Metacanthia prepared by Jeff Hammer If any of ya'll plan to attend the show in Tucson this year give a shout! I plan to be there January 27 thru Feb. 3.
As for coins from other than coin shows, I bet I've gotten over 100 ancients from gun shows. At very low prices I will add.
Quartzsite, AZ on the Ca-AZ border is a biggie also. http://www.desertusa.com/cities/az/quartzsite.html
Cool stuff! If you're ever on the East Coast in south GA or north FL, look me up. You might enjoy this fossil walk I did, less than a mile from my house. I do that periodically. Sometimes it's a refreshing change of pace from metal detecting. If I ever owned a brick-and-mortar shop, the inventory would only be about 60-70% coins, I think. I'd bill it as a "coins & curiosities" shop rather than just a coin shop. There would be mostly coins, of course, but gems, minerals, fossils, ancient artifacts, small antiques and art, old postcards, prints, and books, and just cool curiosities in general.

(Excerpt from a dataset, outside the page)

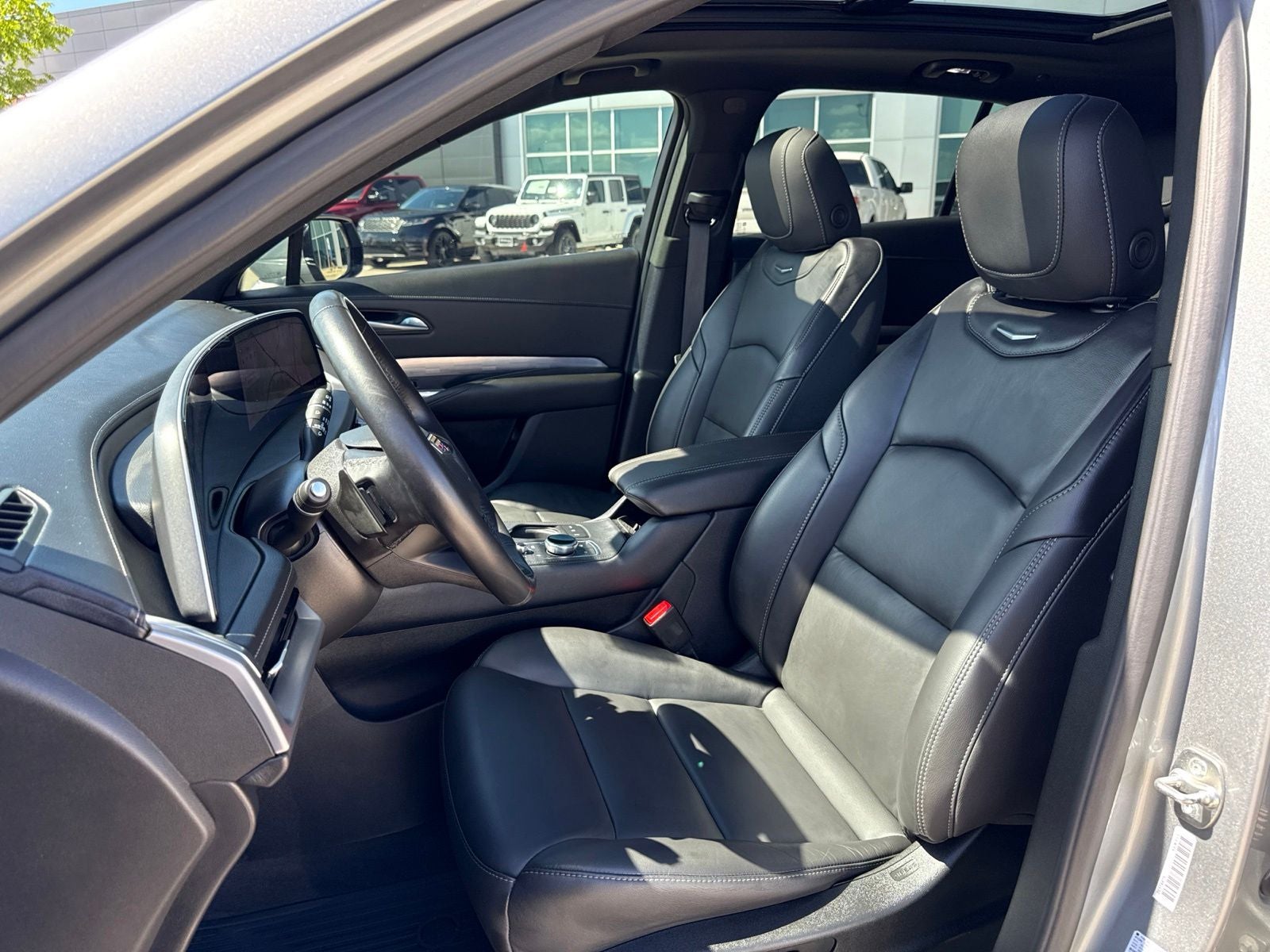 2025 Cadillac XT4 FWD Premium Luxury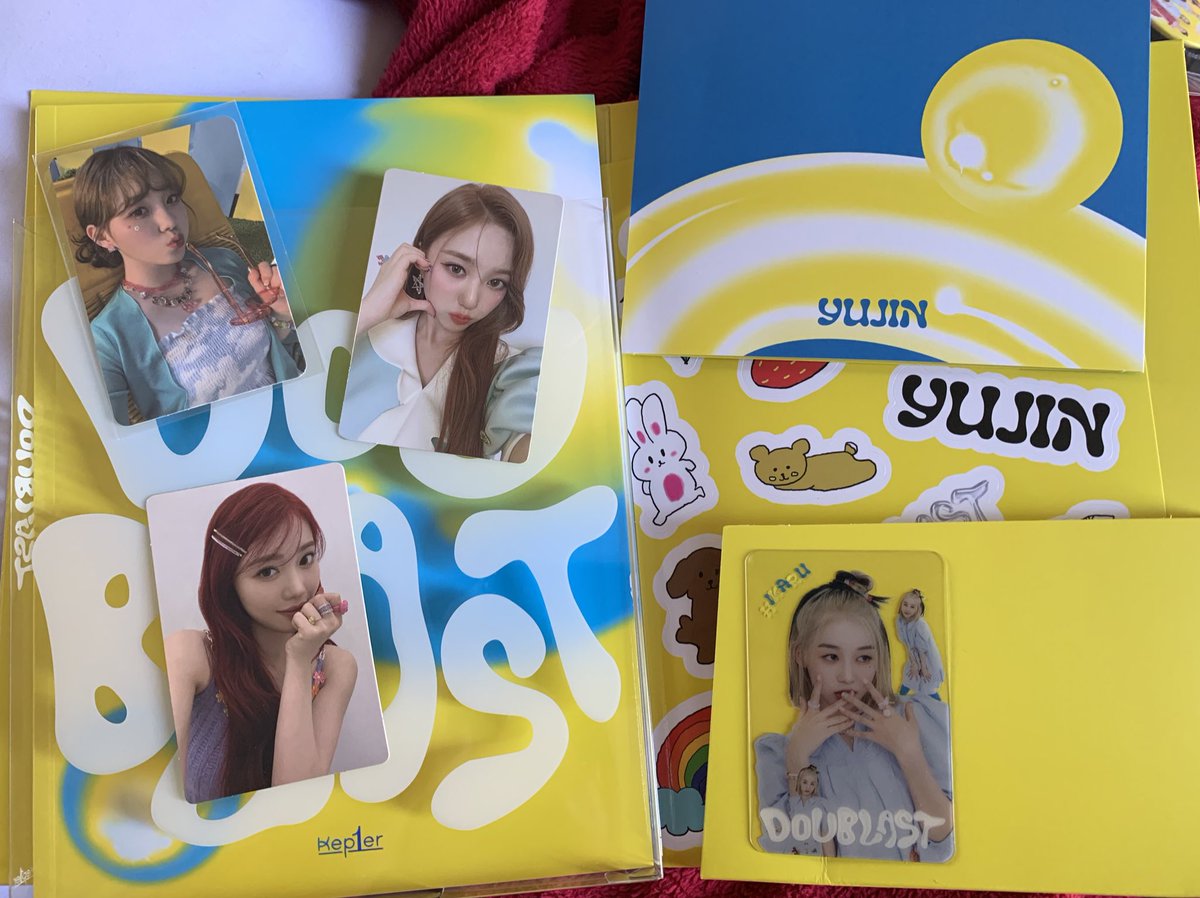 foryoungeun's tweet photo. meu doublast finalmente chegou e eu ganhei a yeseo, xiaoting, hikaru, yujin e ainda por cima o pob da chaehyun 🥺💗 https://t.co/05YNGvRpzF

What the heck IS that!?! Yikes! But if that's a fossil, how did all the delicate appendages survive intact? No way you could remove something like that from any matrix I'm familiar with, without breaking off legs and spines and stuff, surely? Cool lookin' beastie! (More than a little creepy, too, but creepy can be good...)
check out Fossilera. Many specimens have long thin appendages, genal-spines, etc. The photo below shows (I think) how segments are "attached". The bug came ingeniously packed to protect the spines and, of course, I broke the front right one about half way by moving it carelessly. It's still one of my favorites.